**WHAT YOU SHOULD DO:** Going through the entries below, copy out each line that contains "Coffee".

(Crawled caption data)
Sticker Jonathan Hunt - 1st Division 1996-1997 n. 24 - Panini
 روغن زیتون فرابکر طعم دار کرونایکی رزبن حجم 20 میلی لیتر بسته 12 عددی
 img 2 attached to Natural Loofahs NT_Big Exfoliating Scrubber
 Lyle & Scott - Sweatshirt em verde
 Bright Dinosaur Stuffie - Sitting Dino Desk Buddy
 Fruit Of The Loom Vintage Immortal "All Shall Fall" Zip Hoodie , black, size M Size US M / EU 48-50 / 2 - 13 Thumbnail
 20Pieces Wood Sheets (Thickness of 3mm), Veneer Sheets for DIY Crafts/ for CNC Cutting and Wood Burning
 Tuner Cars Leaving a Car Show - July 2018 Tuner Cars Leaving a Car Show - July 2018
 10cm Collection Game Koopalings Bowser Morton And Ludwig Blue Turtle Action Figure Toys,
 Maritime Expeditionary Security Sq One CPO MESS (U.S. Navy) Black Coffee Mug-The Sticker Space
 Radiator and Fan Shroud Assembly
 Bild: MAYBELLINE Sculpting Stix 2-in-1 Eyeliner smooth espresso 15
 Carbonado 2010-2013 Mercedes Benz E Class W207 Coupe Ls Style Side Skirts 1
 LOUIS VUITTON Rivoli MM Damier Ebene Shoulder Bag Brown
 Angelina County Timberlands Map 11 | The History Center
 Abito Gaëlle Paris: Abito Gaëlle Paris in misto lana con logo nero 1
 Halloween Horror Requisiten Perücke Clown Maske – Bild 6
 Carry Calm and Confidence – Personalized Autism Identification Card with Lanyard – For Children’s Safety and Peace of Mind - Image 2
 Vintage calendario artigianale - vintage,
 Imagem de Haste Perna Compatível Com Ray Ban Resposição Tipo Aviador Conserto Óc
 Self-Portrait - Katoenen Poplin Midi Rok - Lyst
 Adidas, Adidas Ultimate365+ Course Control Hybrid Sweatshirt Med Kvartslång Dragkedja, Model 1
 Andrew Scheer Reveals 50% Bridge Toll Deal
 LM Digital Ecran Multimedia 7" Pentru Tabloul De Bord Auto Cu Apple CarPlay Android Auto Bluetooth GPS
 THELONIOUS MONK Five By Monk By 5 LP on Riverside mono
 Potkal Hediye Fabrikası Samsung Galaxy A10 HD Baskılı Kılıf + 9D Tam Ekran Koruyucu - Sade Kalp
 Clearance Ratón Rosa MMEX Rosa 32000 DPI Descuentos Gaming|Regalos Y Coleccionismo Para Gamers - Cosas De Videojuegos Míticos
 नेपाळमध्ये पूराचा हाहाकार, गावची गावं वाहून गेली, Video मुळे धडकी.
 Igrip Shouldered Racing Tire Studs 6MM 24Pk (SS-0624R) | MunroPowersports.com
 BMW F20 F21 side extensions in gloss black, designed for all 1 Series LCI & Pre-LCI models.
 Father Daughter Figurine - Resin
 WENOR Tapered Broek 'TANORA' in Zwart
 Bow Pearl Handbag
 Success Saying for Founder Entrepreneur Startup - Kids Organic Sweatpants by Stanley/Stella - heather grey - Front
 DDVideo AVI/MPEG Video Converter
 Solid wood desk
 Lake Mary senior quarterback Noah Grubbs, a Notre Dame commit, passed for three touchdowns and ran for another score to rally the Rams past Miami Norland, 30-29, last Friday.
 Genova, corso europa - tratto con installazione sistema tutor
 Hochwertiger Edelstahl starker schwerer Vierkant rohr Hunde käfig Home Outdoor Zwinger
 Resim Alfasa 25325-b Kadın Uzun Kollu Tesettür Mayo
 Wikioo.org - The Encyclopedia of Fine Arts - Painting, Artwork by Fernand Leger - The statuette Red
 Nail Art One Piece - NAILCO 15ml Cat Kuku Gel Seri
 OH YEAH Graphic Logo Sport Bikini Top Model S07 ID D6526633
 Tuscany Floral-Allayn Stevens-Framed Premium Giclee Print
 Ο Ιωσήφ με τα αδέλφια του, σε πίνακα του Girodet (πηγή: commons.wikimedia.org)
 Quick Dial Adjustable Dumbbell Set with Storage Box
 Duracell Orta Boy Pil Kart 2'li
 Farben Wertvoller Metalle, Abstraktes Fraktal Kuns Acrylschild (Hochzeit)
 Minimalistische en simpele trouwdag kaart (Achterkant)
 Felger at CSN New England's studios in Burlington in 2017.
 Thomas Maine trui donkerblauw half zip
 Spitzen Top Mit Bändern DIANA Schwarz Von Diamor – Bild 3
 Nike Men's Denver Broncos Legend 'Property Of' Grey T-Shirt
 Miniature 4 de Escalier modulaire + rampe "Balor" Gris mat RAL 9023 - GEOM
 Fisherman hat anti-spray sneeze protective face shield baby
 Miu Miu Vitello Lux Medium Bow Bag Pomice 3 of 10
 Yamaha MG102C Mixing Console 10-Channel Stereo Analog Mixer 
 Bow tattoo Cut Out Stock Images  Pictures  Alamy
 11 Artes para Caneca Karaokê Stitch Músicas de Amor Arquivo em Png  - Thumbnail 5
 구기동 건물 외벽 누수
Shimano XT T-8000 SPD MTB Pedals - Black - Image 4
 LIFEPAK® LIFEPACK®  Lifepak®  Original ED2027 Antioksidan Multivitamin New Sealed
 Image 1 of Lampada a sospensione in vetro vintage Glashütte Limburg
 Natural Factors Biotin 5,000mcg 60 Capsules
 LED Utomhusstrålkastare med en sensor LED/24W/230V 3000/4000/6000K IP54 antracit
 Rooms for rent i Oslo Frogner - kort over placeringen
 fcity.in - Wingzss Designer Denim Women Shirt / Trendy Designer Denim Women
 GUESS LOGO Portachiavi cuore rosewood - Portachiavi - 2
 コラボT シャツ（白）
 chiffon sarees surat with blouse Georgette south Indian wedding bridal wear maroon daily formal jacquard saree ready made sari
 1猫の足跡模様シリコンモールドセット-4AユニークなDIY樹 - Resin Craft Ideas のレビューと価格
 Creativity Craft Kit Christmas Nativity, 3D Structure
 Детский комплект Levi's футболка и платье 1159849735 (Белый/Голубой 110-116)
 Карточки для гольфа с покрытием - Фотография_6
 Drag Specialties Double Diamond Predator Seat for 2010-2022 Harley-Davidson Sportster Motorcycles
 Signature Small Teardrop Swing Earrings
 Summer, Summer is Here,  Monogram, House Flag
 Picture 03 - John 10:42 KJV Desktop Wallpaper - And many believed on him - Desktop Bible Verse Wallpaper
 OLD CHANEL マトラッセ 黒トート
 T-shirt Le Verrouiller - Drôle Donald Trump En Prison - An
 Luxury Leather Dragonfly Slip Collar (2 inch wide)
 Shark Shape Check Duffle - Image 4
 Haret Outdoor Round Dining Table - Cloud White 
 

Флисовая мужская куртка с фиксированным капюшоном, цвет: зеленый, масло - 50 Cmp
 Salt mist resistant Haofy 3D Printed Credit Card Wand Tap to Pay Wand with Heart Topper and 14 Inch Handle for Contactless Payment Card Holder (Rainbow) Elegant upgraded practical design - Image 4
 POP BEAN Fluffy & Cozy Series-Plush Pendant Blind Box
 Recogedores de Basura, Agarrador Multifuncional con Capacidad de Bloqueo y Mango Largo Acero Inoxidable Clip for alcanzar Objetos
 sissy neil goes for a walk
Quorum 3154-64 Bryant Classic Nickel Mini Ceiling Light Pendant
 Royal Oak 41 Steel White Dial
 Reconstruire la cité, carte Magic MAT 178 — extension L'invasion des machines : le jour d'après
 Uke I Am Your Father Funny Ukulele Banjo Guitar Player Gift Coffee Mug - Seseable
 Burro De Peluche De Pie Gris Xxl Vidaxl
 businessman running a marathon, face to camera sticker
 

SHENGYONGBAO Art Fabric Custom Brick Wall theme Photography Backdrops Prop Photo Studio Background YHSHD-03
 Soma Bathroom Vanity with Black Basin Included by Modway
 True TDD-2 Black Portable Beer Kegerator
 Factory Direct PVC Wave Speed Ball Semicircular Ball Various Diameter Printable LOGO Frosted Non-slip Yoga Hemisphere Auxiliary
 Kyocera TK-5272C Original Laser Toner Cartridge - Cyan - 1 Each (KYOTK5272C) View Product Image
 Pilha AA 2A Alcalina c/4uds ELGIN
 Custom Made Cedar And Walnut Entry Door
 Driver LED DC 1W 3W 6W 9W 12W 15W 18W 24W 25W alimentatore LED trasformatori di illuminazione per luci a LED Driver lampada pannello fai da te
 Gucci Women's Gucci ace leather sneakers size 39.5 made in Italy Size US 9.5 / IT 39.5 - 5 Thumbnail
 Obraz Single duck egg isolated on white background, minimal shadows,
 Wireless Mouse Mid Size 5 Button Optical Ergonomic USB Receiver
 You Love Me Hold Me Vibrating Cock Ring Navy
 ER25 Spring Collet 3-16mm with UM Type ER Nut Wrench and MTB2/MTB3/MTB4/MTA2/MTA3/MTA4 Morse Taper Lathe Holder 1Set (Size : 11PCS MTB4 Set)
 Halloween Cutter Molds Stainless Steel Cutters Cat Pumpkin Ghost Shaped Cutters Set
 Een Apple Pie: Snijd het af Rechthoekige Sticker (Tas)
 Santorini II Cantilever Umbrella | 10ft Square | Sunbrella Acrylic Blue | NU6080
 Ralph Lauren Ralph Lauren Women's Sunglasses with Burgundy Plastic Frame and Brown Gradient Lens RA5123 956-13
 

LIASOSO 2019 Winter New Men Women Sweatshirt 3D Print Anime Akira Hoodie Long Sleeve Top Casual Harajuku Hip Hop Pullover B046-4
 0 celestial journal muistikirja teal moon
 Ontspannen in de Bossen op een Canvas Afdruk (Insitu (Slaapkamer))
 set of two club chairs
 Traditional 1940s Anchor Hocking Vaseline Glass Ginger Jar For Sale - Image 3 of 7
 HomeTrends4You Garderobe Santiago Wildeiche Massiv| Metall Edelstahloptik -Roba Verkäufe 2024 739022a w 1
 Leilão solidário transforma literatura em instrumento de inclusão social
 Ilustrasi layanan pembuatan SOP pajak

**RESULT FOR THIS TASK:**
 Maritime Expeditionary Security Sq One CPO MESS (U.S. Navy) Black Coffee Mug-The Sticker Space
 Uke I Am Your Father Funny Ukulele Banjo Guitar Player Gift Coffee Mug - Seseable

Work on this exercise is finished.